_Task statement:_ Starting with the line below that holds "Gilbert’s Food Bar by null" and stopping after the line that holds "토트넘과 대결한 브렌트퍼드 감독, 코로나19 확진", transcribe the lines exactly, leaving out all pictures.

_Stored data:_
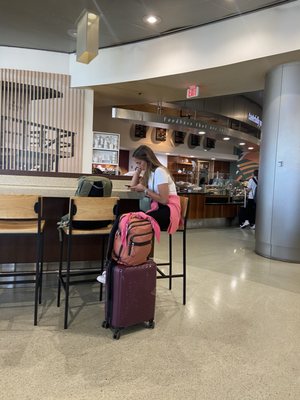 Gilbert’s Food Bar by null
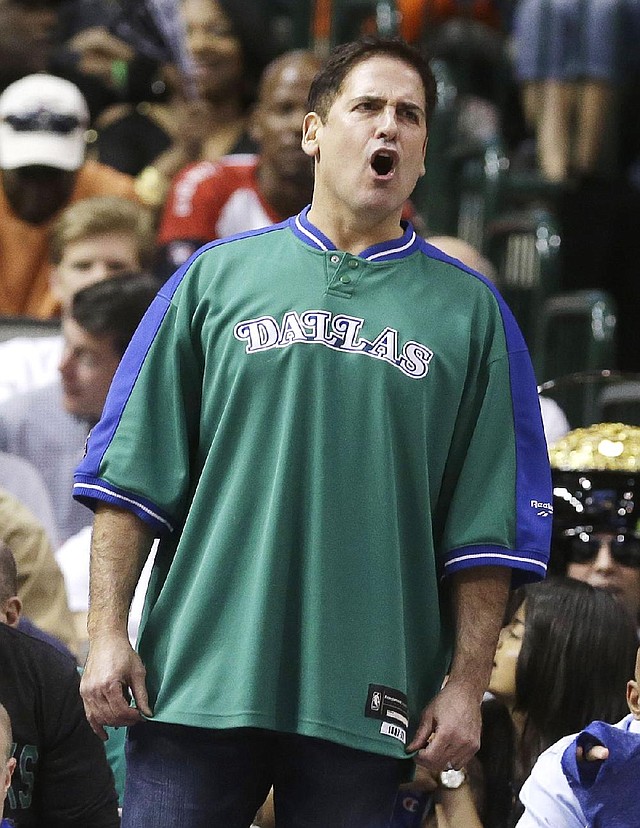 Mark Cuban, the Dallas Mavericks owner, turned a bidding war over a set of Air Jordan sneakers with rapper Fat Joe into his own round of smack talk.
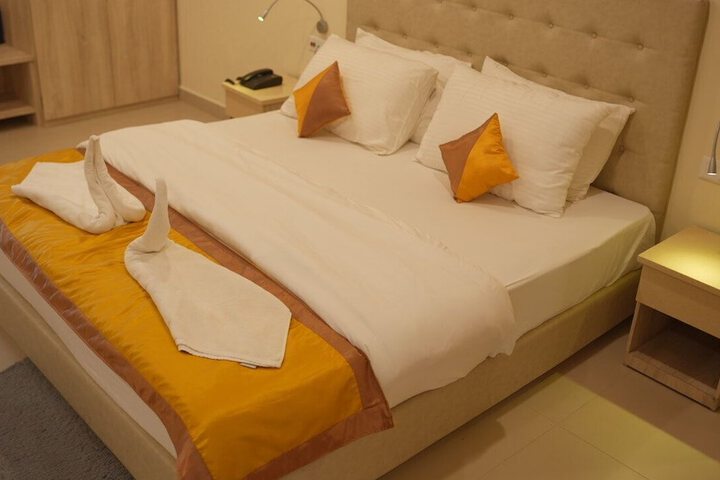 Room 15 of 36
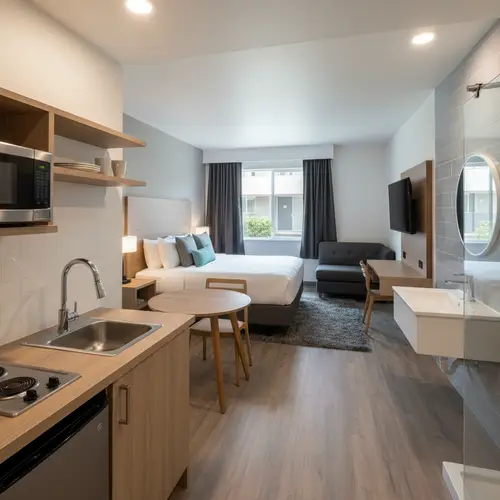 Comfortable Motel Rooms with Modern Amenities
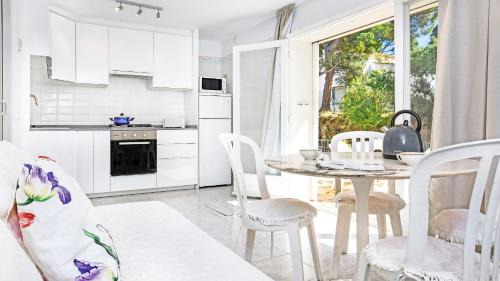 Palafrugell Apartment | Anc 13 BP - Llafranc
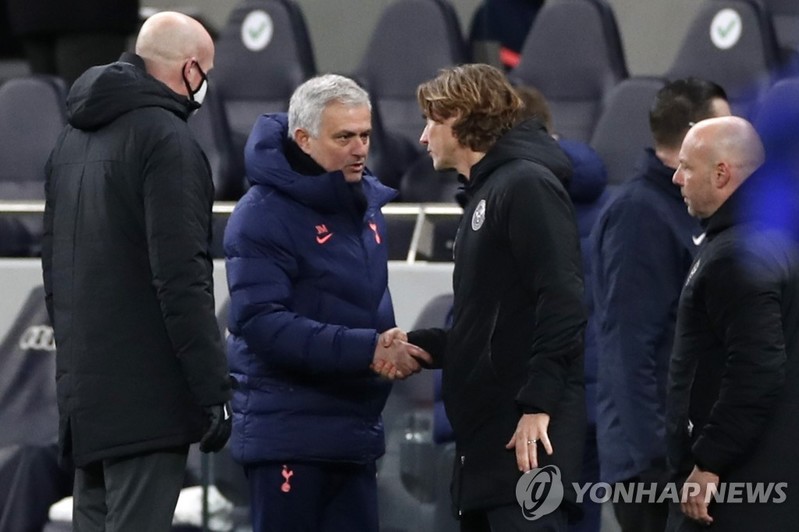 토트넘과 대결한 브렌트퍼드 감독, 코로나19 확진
* * *
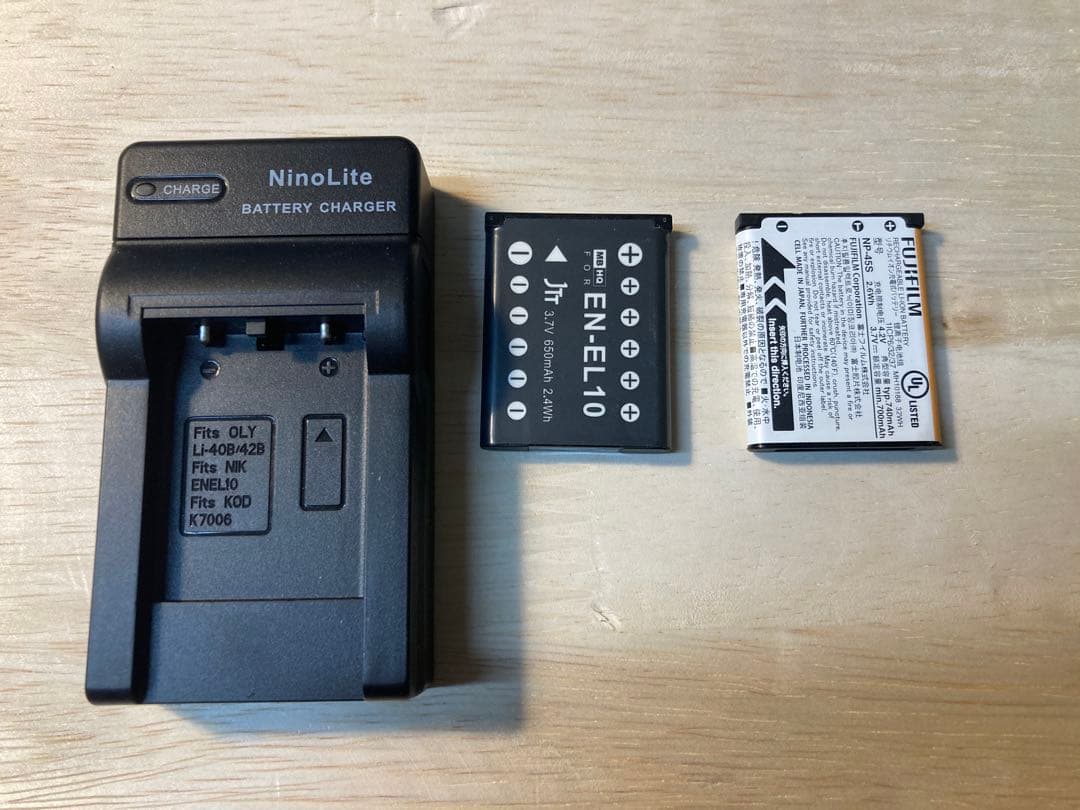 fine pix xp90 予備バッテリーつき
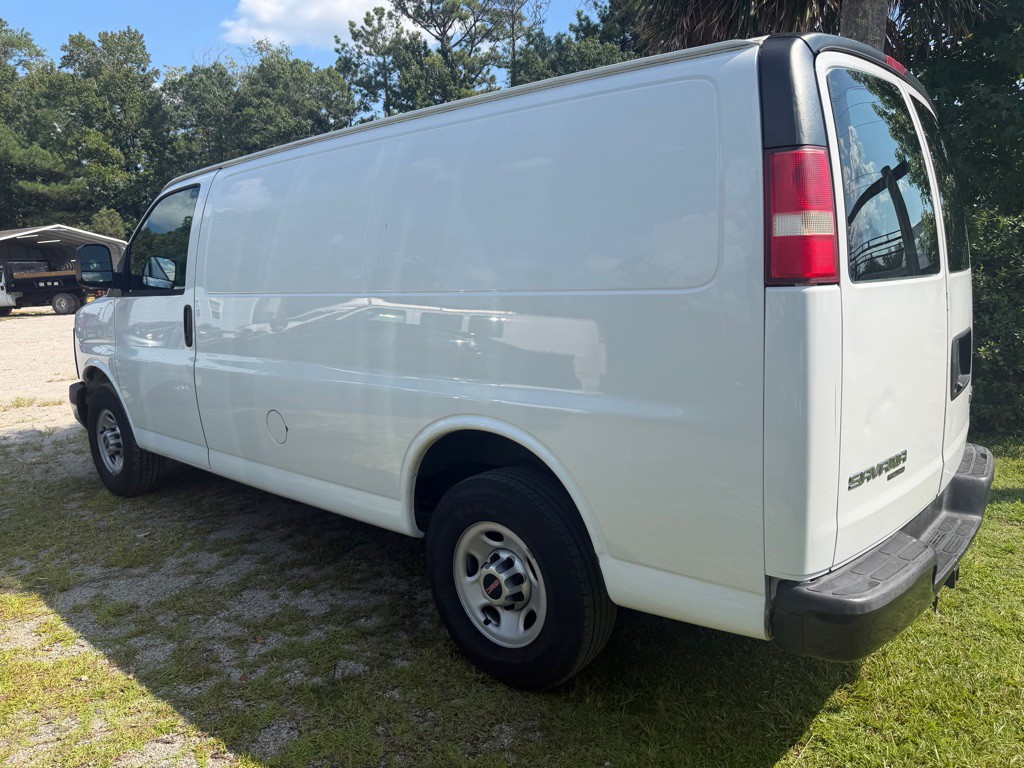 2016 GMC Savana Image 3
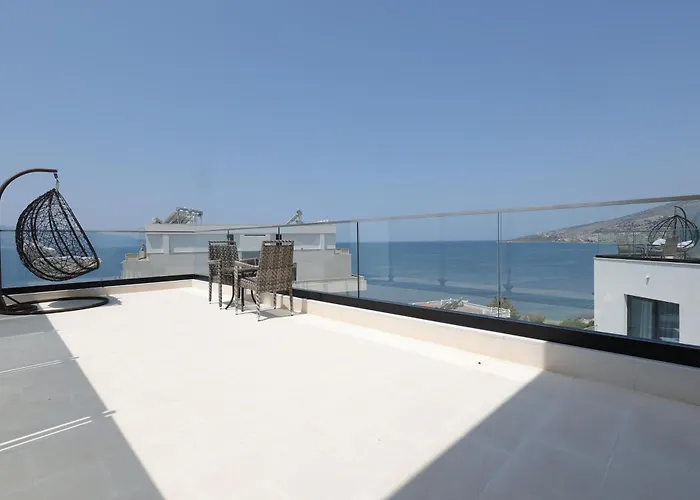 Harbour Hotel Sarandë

_Solution below:_
 Gilbert’s Food Bar by null
 Mark Cuban, the Dallas Mavericks owner, turned a bidding war over a set of Air Jordan sneakers with rapper Fat Joe into his own round of smack talk.
 Room 15 of 36
 Comfortable Motel Rooms with Modern Amenities
 Palafrugell Apartment | Anc 13 BP - Llafranc
 토트넘과 대결한 브렌트퍼드 감독, 코로나19 확진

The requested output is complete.